Inconstance de ce pauvre monde
changée en permanence
Poème funèbre pour Nils Fahlberg,
inhumé le 8 février 1719
Fragments
Ce monde, quel est-il ? Une prairie où poussent
Des orties endeuillées, un hospice de style
Pour patients, un Cana où l’eau se mêle au vin,
Une auberge où nous sommes traités en étrangers.
Et notre vie, de quelque nom que tu la nommes ?
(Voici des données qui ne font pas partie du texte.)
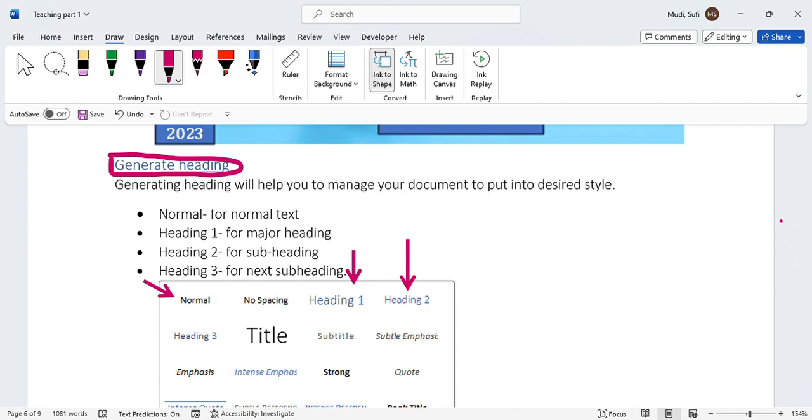This will be very helpful for styling your document in a desired way. Once we arrange these headings in a desired style, you can easily generate a table of contents from that document. So it is one of the skills one should have.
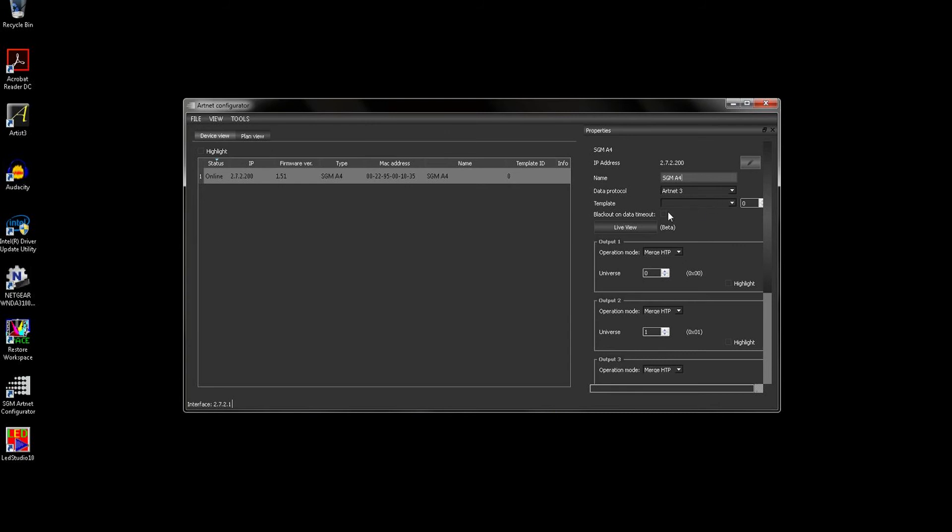Blackout on data timeout means if the box stops receiving ArtNet data, it will zero all of the DMX outputs. By leaving this unchecked, it will hold the last values received before it lost ArtNet. For this application, I will be leaving it unticked so in the event of a controller crashing, the room doesn't go dark.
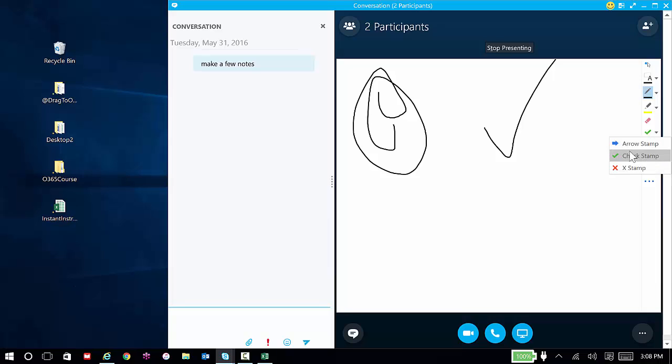I can add other information, all while we're listening. So that just gives you a little example of using the whiteboard.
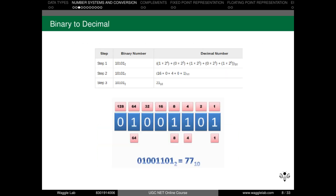Now let's look at conversions. First, binary to decimal conversion. To convert the binary number 10101 (base 2) to its corresponding decimal number, we start from the right end — that is, from the least significant bit. We assign powers of 2: 2 to the power 0, 2 to the power 1, 2 to the power 2, and so on, multiplying each bit by its power and summing them up. We get the decimal equivalent as 21 (base 10).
Une fleur qui éclot afin de se faner
Une claire chandelle, et qui devra s’éteindre.
Voici déjà la fin avant que tu commences.
Notre vie, réponds-moi ! À nouveau, quelle est-elle ?
Un verre qui se brise au moment de briller.
Une aube qui ressemble au couchant, rouge aussi.
Quand nous naissons, notre sanglot déjà
Est un dernier soupir.
Et toute notre gloire ? Une poussière au loin.
Une échelle trop haute, même pour Haman1,
Une belle fusée qui dans le ciel éclate.
Le sein d’une nourrice et qui tarit soudain.
Et toutes nos richesses ? La geôle des gens libres !
Et l’appel du chasseur qui nous prend au filet.
L’excrément de la terre, misérable en ses coffres.
Une boisson qui rend esclave jusqu’au sobre.
Qu’est-ce la volupté ? Un paradis d’épines,
Aux arbres défendus donnant des fruits de mort,
Où l’antique serpent continue ses leçons,
Où se font des couronnes qui seront mortuaires.
Qu’est-ce que l’homme enfin ? Du temps le rêve fol,
Une ombre dans des jours qui passent bien trop courts.
Un laurier flétri de la cime aux racines,
Une épave en dérive sur les flots de l’angoisse.
Carl Johan LOHMAN.
Traduit du suédois par Jean-Clarence Lambert.
Recueilli dans Anthologie de la poésie suédoise, Seuil, 1971.
1. Favori du roi Xerxès, il fit un songe célèbre.